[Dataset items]
★ ★ ★ ★ ★ ★ ★

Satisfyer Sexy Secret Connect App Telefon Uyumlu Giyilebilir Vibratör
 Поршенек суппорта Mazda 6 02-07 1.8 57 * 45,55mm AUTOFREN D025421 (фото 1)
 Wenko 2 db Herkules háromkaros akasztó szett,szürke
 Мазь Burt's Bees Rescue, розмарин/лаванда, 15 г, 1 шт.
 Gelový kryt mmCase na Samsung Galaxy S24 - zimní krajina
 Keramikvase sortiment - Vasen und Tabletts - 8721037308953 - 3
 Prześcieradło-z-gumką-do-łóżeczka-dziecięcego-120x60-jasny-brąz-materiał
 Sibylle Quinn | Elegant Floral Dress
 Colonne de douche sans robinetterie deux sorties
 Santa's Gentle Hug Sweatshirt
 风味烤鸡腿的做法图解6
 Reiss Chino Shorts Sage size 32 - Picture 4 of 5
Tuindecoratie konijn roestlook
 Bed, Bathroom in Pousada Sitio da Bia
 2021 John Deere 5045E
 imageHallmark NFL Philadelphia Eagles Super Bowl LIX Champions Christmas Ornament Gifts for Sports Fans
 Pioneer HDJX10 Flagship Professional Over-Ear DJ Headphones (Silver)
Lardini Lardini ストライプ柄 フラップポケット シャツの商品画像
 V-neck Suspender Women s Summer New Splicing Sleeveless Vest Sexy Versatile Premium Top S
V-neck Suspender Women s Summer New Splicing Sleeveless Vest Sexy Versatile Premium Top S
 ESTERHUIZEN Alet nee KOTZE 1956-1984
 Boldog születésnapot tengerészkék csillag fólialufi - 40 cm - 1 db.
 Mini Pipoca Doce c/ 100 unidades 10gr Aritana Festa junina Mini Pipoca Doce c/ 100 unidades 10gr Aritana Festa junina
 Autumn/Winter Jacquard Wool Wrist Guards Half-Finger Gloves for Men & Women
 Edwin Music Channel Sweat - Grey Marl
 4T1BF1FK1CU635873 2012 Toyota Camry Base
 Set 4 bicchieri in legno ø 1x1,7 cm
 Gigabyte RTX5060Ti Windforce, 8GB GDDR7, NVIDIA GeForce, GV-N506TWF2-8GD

★ ★ ★ ★ ★ ★ ★

• _WHAT YOU WILL DO_
Return a copy of each line in the entries that carries the string "Versatile".

• _PROBLEM SOLUTION_
 V-neck Suspender Women s Summer New Splicing Sleeveless Vest Sexy Versatile Premium Top S
V-neck Suspender Women s Summer New Splicing Sleeveless Vest Sexy Versatile Premium Top S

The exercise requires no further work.